[Start of section]

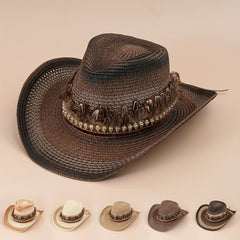 Ethnic Style Straw Cowboy Hat Skull Tibetan Vacation Beach Hat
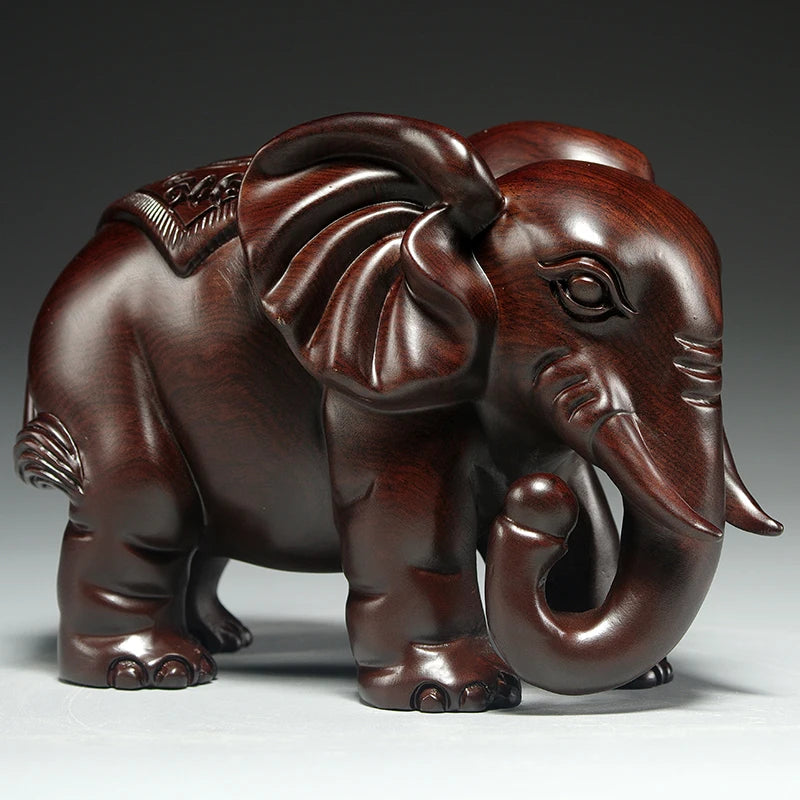 Black sandalwood carved elephant ornaments, solid wood carving,one object, mahogany home,entrance,office decoration, handicrafts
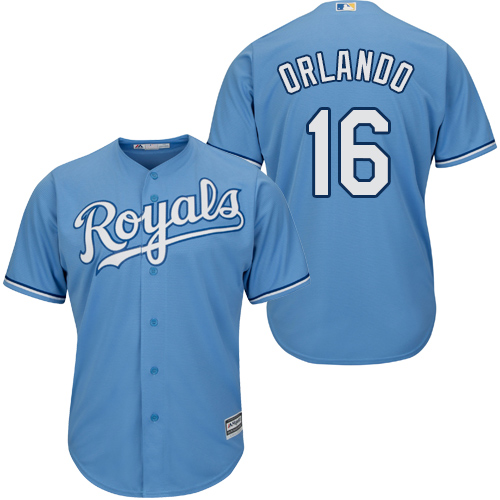 Royals #16 Paulo Orlando Light Blue Cool Base Stitched Youth MLB Jersey Royals #16 Paulo Orlando Light Blue Cool Base Stitched Youth MLB Jersey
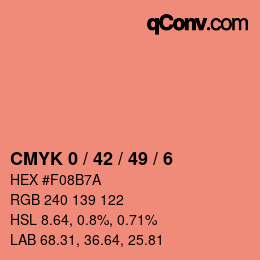 カラーコード: CMYK 0 / 42 / 49 / 6 | qconv.com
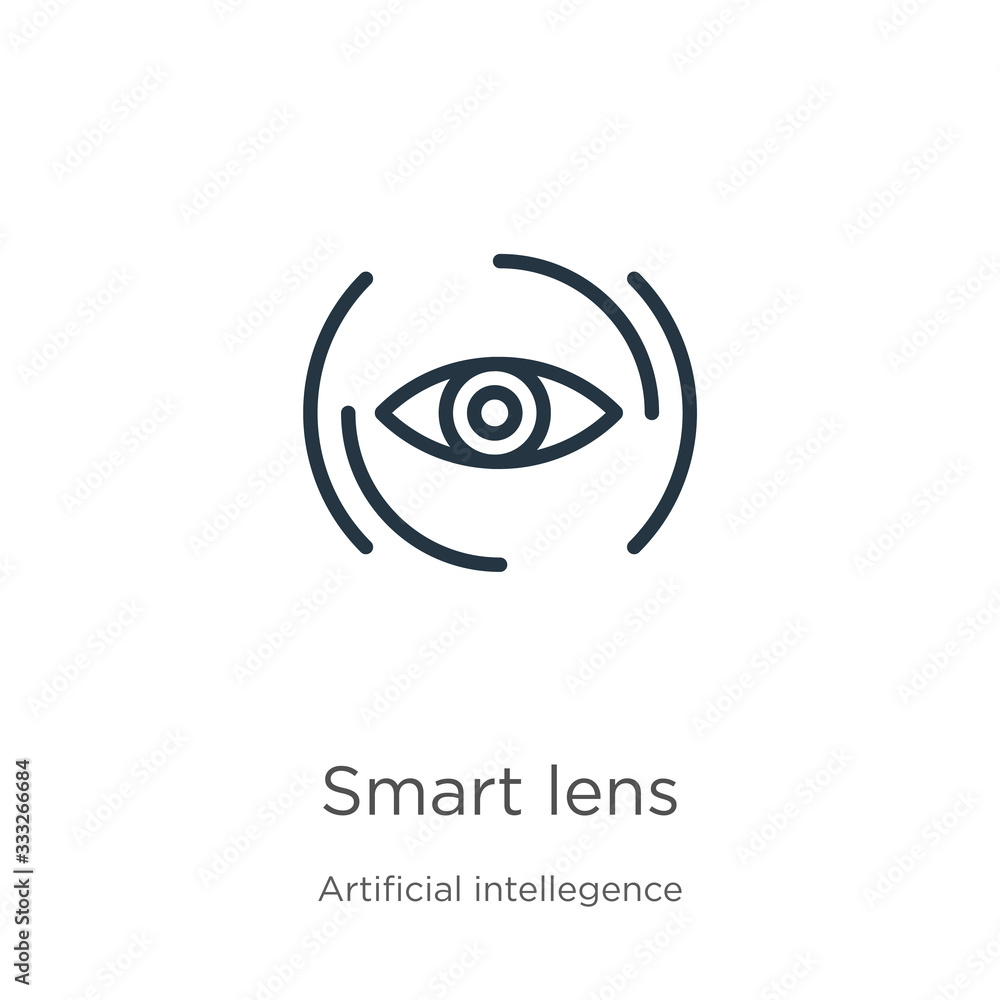 Poster smart lens icon. thin linear smart lens outline icon isolated on white background from artificial in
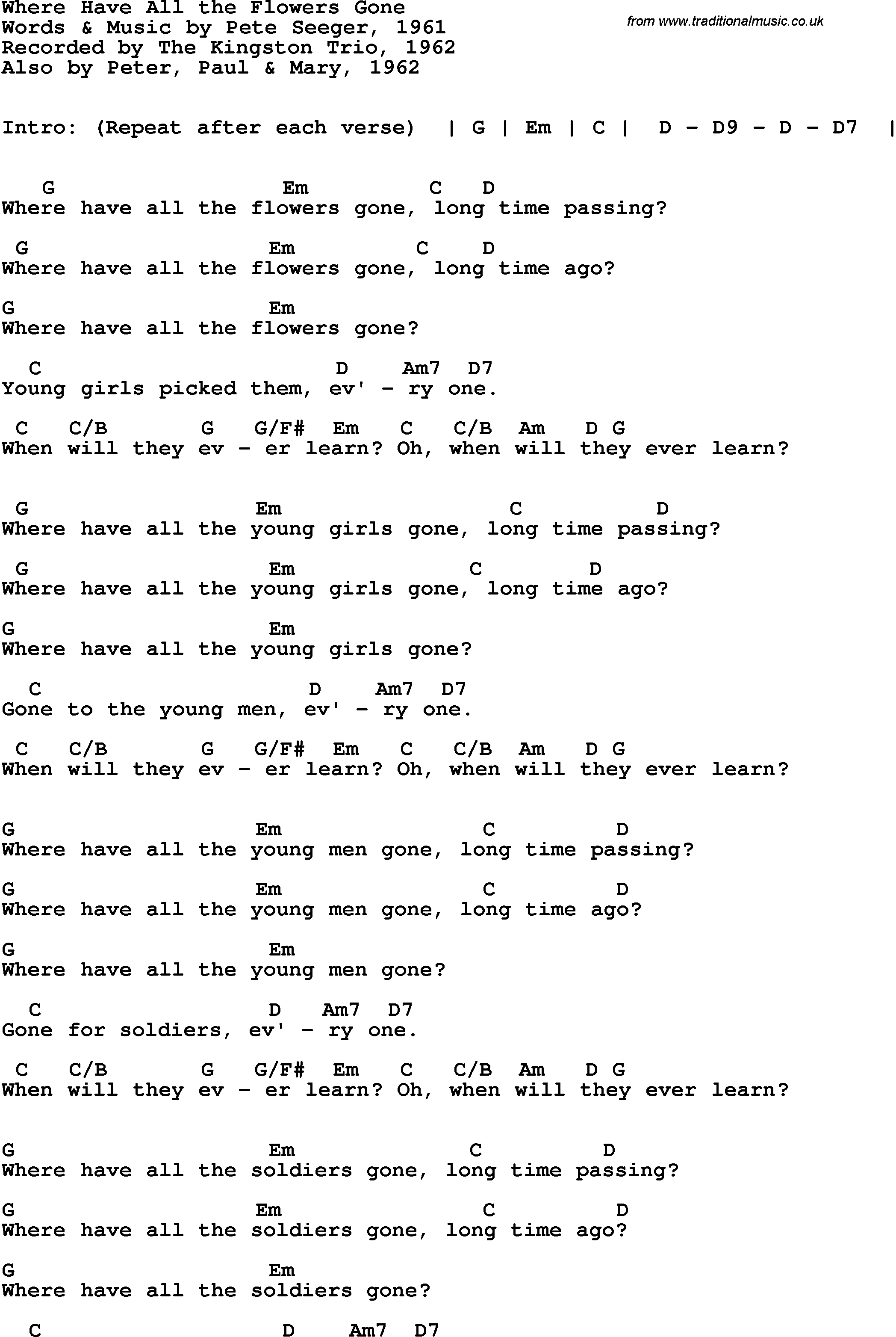 Song Lyrics with guitar chords for Where Have All The Flowers Gone - The Kingston Trio, 1962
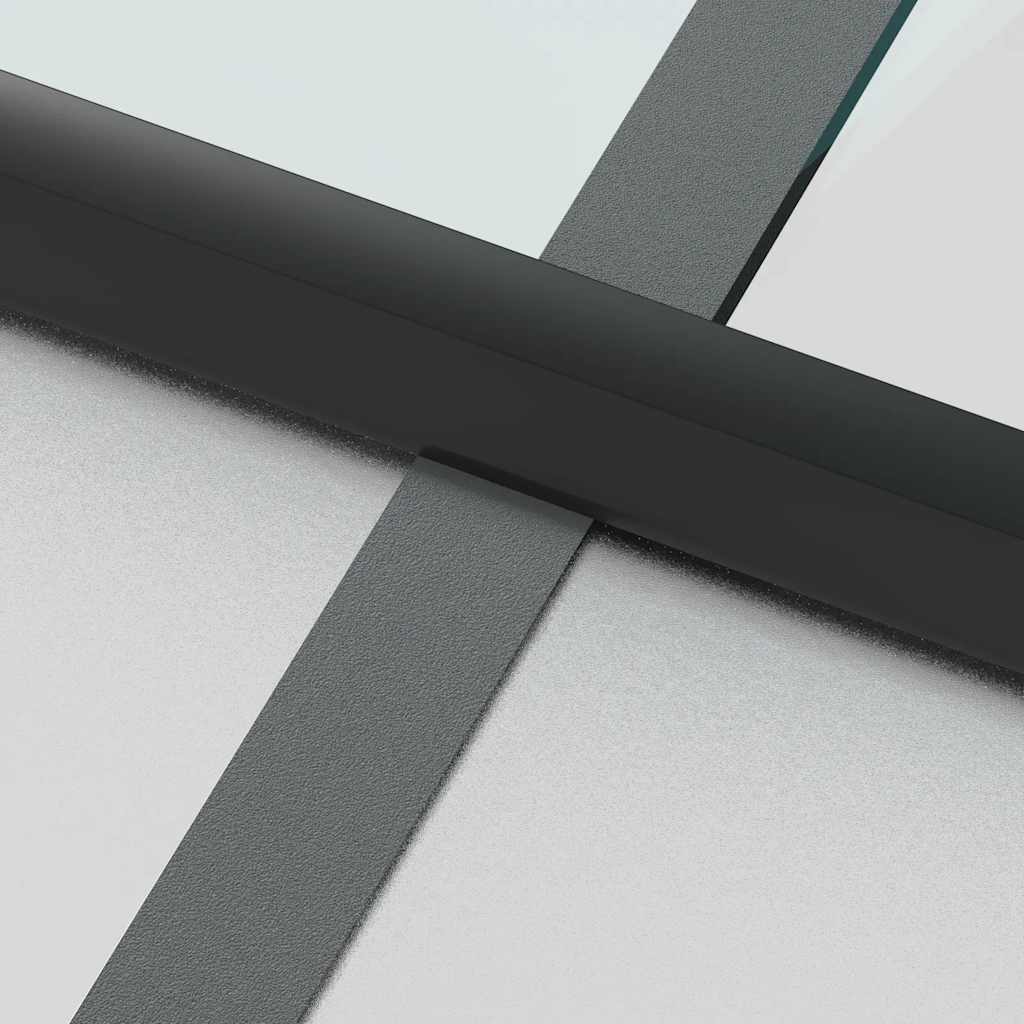 Interior Door Slim Black 83x201,5 cm Tempered Glass and Aluminium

[End of section]

Transcribe the whole listing exactly. Pictures stay out of your copy.

 Ethnic Style Straw Cowboy Hat Skull Tibetan Vacation Beach Hat
 Black sandalwood carved elephant ornaments, solid wood carving,one object, mahogany home,entrance,office decoration, handicrafts
 Royals #16 Paulo Orlando Light Blue Cool Base Stitched Youth MLB Jersey Royals #16 Paulo Orlando Light Blue Cool Base Stitched Youth MLB Jersey
 カラーコード: CMYK 0 / 42 / 49 / 6 | qconv.com
 Poster smart lens icon. thin linear smart lens outline icon isolated on white background from artificial in
 Song Lyrics with guitar chords for Where Have All The Flowers Gone - The Kingston Trio, 1962
 Interior Door Slim Black 83x201,5 cm Tempered Glass and Aluminium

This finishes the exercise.